En los últimos días, impulsado desde algunos sectores del sindicalismo y la
política, comenzó a circular la posibilidad de que el pastor evangélico Dante Gebel
sea candidato a presidente en 2027. Consultado por Mario Pergolini, el propio
implicado no descartó esa posibilidad de modo que cabría prestarle alguna
atención puesto que posee seguidores, eventuales importantes aportantes
económicos y un discurso pretendidamente ecuménico alrededor de la
espiritualidad, tal como mandan los tiempos. A propósito, dado que la
imaginación no abunda, tampoco debiera extrañar que se tratara de algún sueño
trasnochado a partir de que el evento que el pastor vino a presentar se llama
PresiDante, haciendo un juego de palabras con su nombre, y que allí se lo puede
ver con la banda presidencial. En todo caso, el tiempo dirá.

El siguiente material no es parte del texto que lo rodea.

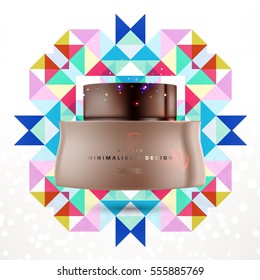 Cosmetic ads with hydrating facial cream mask bottle isolated on glitter particles background with geometric modern elements
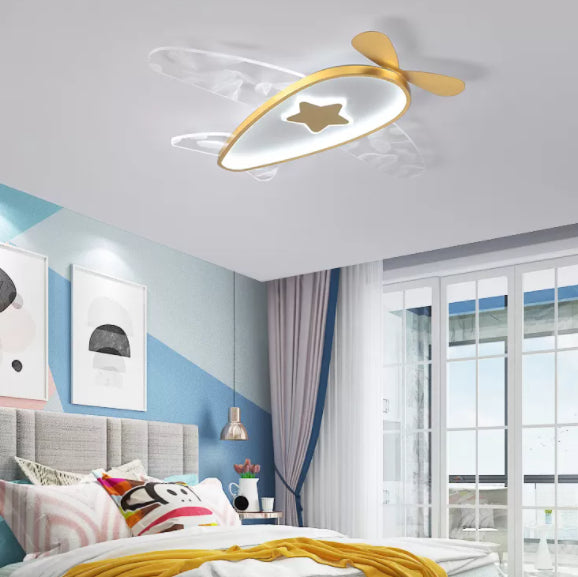 Airplane Acrylic Feather LED Semi Flush Ceiling Fixture in Modern Creative Style Wrought Iron Ceiling Light for Bedroom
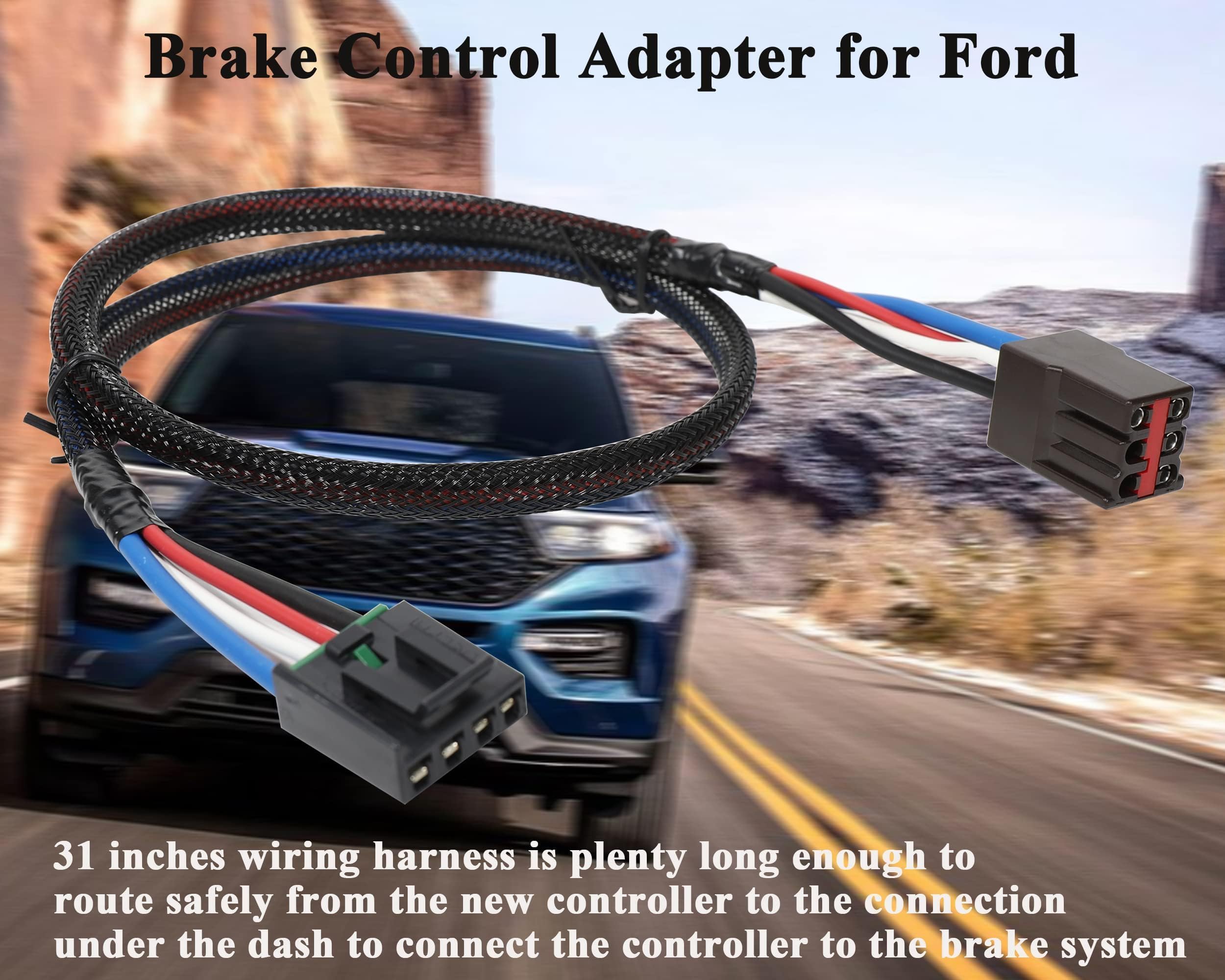 Oyviny 3035-P Brake Controller Wiring Adapter Compatible With 1994-2008 Ford F-150 F-250 F-350 F-450/1992-2009 E-150 E-250 E-350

Hace algún tiempo circuló, y gracias a alguna información de fuente
confiable podría confirmarlo, que el peronismo de la ciudad, de la mano de Juan
Manuel Olmos, está detrás de una suerte de “proyecto streamer”, una renovación
de candidaturas que pueda romper el techo al que parece condenado el peronismo
citadino, y que podría recurrir a figuras como Tomás Rebord y Pedro Rosemblat.
Este último ya había pretendido un salto a la política y el primero, presumo, pareciera
estar allí resolviendo un dilema interno entre una vida como artista y un salto
a la política. Ambos son jóvenes, muy exitosos en sus respectivos proyectos y
han hecho mucho más por instalar discusiones autocríticas al interior del
peronismo/progresismo que la dirigencia política que ahora pretende sumarlos a
sus filas.
Comparar a Gebel con Rebord y Rosemblat es injusto para los tres, pero los
menciono aquí porque pareciera que desde diferentes espectros ideológicos se
renueva esta tentación muy poco novedosa de apelar a figurar extrapartidarias,
“famosos”, como solución a la crisis de representatividad. Y sobre este punto
vale una aclaración: Rebord y Rosemblat tienen formación política por encima de
la media. Sin embargo, no se está pensando en ellos por esa razón, sino por su
éxito en redes y su visibilidad. No es culpa de ellos, pero la razón por la que
se los elige es por méritos que no tienen que ver estrictamente con su eventual
proyecto o mirada acerca de la política. La demostración es que son ellos, pero
podría ser cualquiera: veamos si no el caso de Lali Espósito a quien nos
quieren vender como la nueva Evita por haber hecho una canción con un
estribillo pegadizo y un mensaje velado contra el presidente. La vara está
baja.
Pero más allá de ello, a continuación, quisiera proponerles reflexiones personales
acerca de este fenómeno y si en ellas les suena algo del filósofo Byung Chul-Han,
sea acompañando su perspectiva, sea criticándola, están bien orientados.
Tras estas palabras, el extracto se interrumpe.